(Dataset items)

◆ ◆ ◆ ◆ ◆ ◆ ◆

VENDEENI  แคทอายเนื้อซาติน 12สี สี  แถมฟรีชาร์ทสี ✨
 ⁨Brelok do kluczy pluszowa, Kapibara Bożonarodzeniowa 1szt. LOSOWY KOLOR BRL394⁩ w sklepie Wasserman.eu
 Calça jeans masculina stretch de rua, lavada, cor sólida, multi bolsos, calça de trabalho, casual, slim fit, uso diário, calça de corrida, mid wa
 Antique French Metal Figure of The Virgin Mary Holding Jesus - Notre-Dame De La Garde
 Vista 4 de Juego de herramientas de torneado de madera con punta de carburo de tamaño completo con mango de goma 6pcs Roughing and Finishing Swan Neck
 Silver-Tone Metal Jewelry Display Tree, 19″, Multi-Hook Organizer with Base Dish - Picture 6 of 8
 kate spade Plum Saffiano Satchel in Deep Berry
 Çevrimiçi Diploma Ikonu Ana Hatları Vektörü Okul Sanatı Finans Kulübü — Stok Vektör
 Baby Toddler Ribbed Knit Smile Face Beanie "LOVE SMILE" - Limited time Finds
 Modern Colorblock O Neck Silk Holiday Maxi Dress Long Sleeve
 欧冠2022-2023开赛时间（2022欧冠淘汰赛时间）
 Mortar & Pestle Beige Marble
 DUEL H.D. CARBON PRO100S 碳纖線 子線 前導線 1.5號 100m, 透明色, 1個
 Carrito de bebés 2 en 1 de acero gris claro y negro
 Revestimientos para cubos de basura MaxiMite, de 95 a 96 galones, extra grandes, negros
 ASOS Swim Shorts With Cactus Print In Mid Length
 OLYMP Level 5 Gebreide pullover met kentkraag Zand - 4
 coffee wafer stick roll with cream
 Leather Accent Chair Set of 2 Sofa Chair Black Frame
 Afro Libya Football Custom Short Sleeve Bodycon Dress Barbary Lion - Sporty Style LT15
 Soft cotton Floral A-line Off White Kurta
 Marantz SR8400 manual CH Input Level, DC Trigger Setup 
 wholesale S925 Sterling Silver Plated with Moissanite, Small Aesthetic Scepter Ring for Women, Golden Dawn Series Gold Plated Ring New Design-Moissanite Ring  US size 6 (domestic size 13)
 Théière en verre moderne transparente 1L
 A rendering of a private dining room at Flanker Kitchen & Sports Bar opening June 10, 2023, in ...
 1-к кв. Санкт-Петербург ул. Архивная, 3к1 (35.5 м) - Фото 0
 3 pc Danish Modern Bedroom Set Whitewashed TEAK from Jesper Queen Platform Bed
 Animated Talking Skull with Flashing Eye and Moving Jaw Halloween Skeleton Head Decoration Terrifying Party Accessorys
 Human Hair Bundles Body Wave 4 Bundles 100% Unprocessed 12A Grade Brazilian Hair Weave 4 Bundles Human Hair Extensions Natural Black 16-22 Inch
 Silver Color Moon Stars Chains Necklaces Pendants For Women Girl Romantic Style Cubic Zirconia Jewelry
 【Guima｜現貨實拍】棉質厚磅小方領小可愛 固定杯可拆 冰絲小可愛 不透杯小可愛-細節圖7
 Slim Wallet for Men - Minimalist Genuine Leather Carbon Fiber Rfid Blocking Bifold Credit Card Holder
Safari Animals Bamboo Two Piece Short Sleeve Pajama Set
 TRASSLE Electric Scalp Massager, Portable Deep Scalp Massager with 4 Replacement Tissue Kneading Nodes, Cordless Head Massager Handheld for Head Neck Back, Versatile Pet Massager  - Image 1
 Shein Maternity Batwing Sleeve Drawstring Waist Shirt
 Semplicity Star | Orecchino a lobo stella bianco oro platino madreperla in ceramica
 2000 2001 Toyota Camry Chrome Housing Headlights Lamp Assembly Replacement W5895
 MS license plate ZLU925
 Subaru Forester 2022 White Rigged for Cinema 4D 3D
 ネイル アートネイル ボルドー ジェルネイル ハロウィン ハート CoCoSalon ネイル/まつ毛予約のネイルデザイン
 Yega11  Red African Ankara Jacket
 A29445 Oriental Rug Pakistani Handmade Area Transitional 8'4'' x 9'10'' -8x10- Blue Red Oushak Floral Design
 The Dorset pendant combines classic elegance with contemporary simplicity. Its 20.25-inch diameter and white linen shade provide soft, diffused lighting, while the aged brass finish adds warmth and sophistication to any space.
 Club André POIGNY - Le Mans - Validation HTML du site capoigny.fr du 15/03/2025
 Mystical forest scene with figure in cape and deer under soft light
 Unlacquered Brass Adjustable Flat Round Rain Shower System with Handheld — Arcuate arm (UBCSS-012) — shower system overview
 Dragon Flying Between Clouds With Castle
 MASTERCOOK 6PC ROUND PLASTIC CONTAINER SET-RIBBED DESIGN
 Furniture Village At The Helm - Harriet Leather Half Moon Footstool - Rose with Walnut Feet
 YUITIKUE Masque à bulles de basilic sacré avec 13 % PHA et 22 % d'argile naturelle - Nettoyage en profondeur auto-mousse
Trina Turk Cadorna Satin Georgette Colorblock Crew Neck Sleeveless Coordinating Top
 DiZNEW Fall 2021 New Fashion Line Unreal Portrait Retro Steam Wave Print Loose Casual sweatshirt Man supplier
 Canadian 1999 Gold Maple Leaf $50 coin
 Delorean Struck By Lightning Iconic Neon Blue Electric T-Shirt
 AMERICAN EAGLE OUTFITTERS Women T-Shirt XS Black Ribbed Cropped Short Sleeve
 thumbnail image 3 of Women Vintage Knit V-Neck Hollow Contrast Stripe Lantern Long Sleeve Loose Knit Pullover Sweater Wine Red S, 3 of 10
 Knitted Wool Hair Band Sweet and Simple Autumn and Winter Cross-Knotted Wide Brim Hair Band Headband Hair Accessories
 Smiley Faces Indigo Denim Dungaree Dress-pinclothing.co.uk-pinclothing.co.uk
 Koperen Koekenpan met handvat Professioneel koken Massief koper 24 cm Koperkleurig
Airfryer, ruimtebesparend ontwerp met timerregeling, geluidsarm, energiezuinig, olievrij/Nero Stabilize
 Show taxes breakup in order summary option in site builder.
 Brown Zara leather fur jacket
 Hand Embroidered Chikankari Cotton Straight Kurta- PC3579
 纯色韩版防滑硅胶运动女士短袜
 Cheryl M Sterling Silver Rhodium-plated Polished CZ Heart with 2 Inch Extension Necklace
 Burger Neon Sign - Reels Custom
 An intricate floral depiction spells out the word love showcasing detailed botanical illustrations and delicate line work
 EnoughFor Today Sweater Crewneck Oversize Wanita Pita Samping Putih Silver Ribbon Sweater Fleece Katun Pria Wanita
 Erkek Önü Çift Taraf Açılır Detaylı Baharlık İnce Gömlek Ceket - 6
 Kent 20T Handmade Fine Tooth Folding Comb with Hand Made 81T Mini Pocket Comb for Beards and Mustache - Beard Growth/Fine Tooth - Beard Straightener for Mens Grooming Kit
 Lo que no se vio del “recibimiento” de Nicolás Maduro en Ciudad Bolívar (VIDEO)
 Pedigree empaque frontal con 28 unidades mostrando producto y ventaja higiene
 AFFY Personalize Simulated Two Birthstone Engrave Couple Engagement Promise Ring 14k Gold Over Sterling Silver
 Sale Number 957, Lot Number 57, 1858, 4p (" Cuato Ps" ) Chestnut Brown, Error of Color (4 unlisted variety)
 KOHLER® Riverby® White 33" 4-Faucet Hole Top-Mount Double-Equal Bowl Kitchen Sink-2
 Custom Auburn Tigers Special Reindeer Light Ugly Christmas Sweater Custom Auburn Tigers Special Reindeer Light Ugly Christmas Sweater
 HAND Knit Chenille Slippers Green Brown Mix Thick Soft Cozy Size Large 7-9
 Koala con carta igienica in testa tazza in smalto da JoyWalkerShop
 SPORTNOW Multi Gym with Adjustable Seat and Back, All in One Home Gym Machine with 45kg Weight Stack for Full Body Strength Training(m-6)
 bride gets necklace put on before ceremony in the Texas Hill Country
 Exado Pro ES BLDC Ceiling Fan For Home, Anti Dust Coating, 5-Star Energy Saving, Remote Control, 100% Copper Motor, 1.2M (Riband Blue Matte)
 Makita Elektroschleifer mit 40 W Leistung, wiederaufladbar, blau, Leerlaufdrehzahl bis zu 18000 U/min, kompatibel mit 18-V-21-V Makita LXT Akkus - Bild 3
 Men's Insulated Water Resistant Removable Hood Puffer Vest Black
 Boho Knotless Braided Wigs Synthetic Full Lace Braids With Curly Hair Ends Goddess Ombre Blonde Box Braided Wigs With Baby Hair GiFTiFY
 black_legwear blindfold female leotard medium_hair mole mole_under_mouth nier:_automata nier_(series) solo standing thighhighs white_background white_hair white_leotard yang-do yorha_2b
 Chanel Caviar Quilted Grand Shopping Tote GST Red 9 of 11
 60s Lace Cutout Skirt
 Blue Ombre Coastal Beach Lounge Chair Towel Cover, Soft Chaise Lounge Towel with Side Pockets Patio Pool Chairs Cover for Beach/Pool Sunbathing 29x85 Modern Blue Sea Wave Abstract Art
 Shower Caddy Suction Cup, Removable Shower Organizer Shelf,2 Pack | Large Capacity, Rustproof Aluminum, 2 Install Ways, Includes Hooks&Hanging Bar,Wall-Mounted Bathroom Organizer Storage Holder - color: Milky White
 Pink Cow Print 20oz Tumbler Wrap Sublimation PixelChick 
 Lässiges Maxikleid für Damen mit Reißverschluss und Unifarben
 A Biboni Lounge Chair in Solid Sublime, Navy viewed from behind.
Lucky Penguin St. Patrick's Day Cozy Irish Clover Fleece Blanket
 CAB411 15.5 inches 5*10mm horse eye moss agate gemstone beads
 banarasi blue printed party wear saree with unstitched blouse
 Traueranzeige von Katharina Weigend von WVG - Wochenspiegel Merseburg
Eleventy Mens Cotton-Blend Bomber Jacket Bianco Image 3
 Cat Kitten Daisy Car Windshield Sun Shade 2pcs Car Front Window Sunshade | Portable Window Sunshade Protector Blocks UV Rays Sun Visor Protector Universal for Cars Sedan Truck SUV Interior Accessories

◆ ◆ ◆ ◆ ◆ ◆ ◆

### [Exercise instructions]
In the entries above, find the line with "coffee wafer stick roll with cream" and the line with "Marantz SR8400 manual", then set down exactly those two and every line between them, nothing else.

### [Final answer]
 coffee wafer stick roll with cream
 Leather Accent Chair Set of 2 Sofa Chair Black Frame
 Afro Libya Football Custom Short Sleeve Bodycon Dress Barbary Lion - Sporty Style LT15
 Soft cotton Floral A-line Off White Kurta
 Marantz SR8400 manual CH Input Level, DC Trigger Setup 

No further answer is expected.